Technically, there's no reason why you cannot make the "[]" operator set equivalent to charAt(), and if enough people pushed for it, it might even be so, some day.

But there are some caveats. First, in its current internal incarnation, you cannot always determine charAt(x) via simple byte offset, since String now allows some variable-length character constructs in the interests of storage efficiency.

More importantly, though, String is immutable. In a normal Java array, a "x[y]" is a legitimate lefthand-side (LHS) expression token in all cases. And since String is a subclass of class Object, you couldn't always detect mis-use at compile time.

I am amused that I've stirred up interest in my signature. And incidentally, the signature is not preserved with the posting, so when I change it, people reading that discussion are likely to become confused, but so it goes.

It was once popular to say "Faith is believing what you know ain't so". That, of course is nonsense. Faith is believing what you fear might not be so, but you hope otherwise. Believing in the obviously false — that is, being willfully blind to reality — is the mark of an idiot.
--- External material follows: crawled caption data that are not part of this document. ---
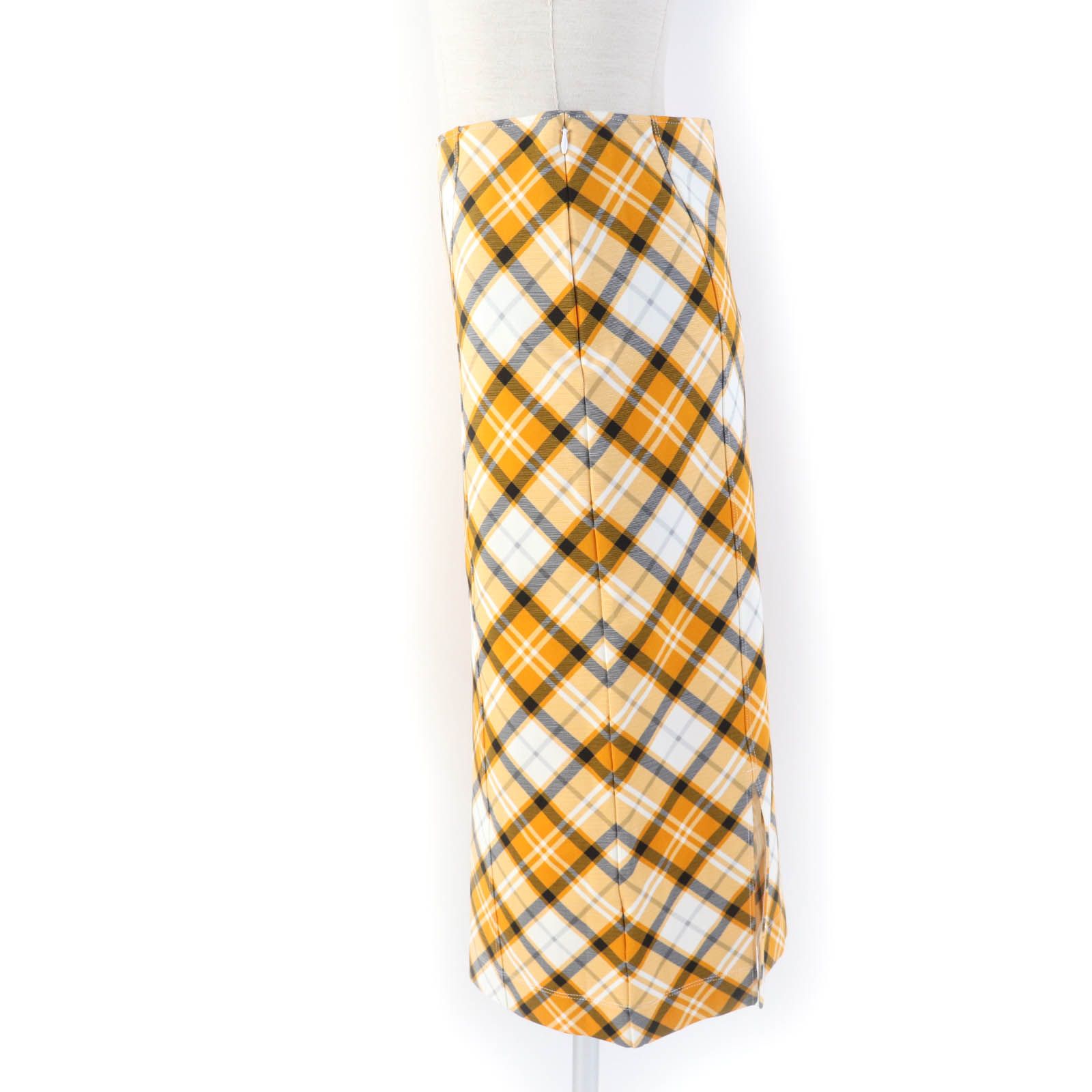 BURBERRY - 未使用 BURBERRY バーバリー チェック柄 タイト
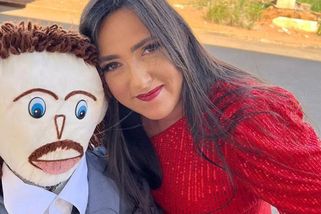 Žena, která si vzala hadrového panáka, čeká čtvrté dítě. Pohlaví odhalila při splachování záchodu a hadráka čeká vasektomie - Super.cz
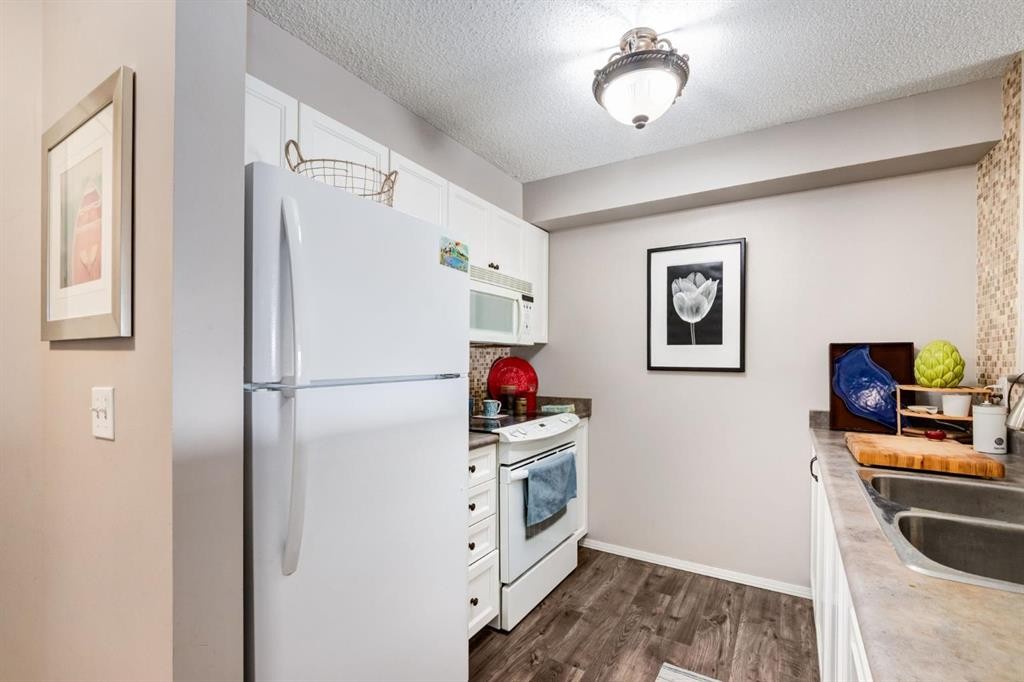 1414-12 Cimarron Common, Okotoks, AB - Indoor Photo Showing Kitchen With Double Sink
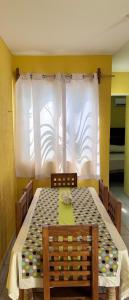 En eller flere senge i et værelse på Mundo feliz + 4 billeder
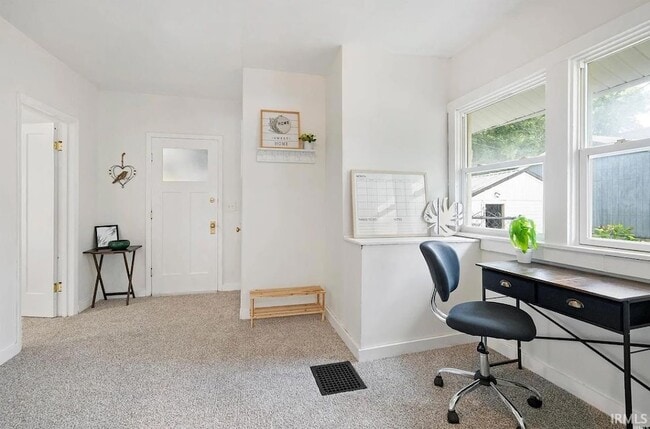 Building Photo - 515 W Jackson St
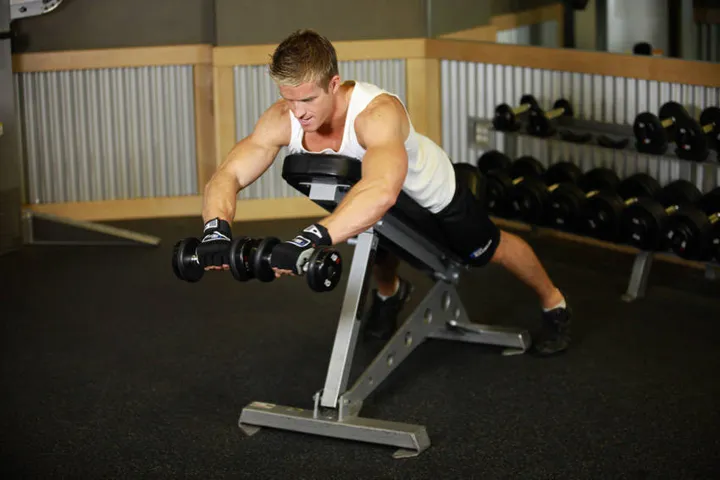 Reverse Flyes With External Rotation — posição inicial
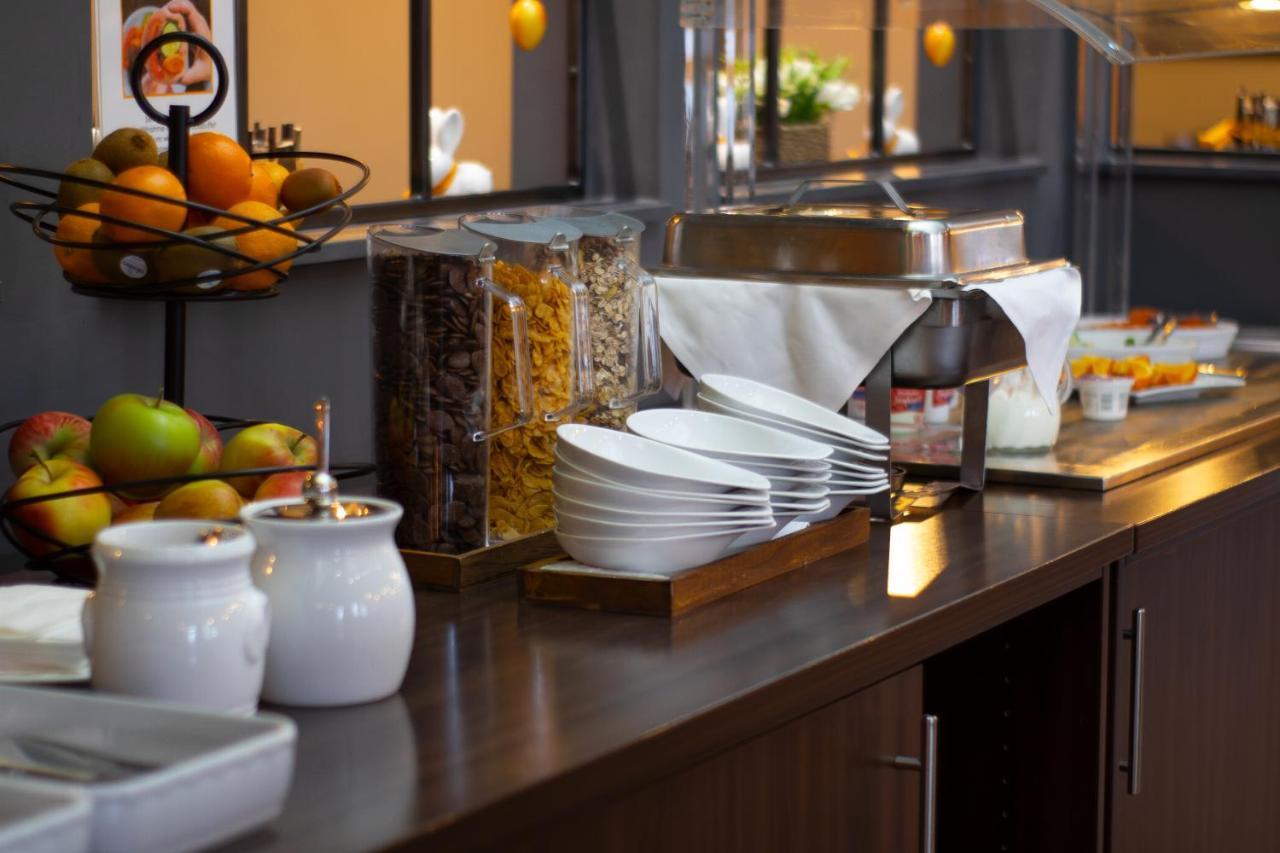Orange Hotel Und Apartments Ной-Улм Екстериор снимка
Speaking of which, I've been considering a shorter maxim: "An idiot is never wrong".
 
Mike Simmons
Master Rancher
Posts: 4905
74
  • Number of slices to send:
    Optional 'thank-you' note:
Not really connected to the original question, but interesting anyway:

Tim Holloway wrote:Technically, there's no reason why you cannot make the "[]" operator set equivalent to charAt(), and if enough people pushed for it, it might even be so, some day.


And indeed, this has been already done in some other Java-based languages like Groovy and Kotlin, which offer Java-like syntax with various enhancements.  That's why I first guessed that this might be what Anil meant by that code.  But, apparently not.

Tim Holloway wrote:But there are some caveats. First, in its current internal incarnation, you cannot always determine charAt(x) via simple byte offset, since String now allows some variable-length character constructs in the interests of storage efficiency.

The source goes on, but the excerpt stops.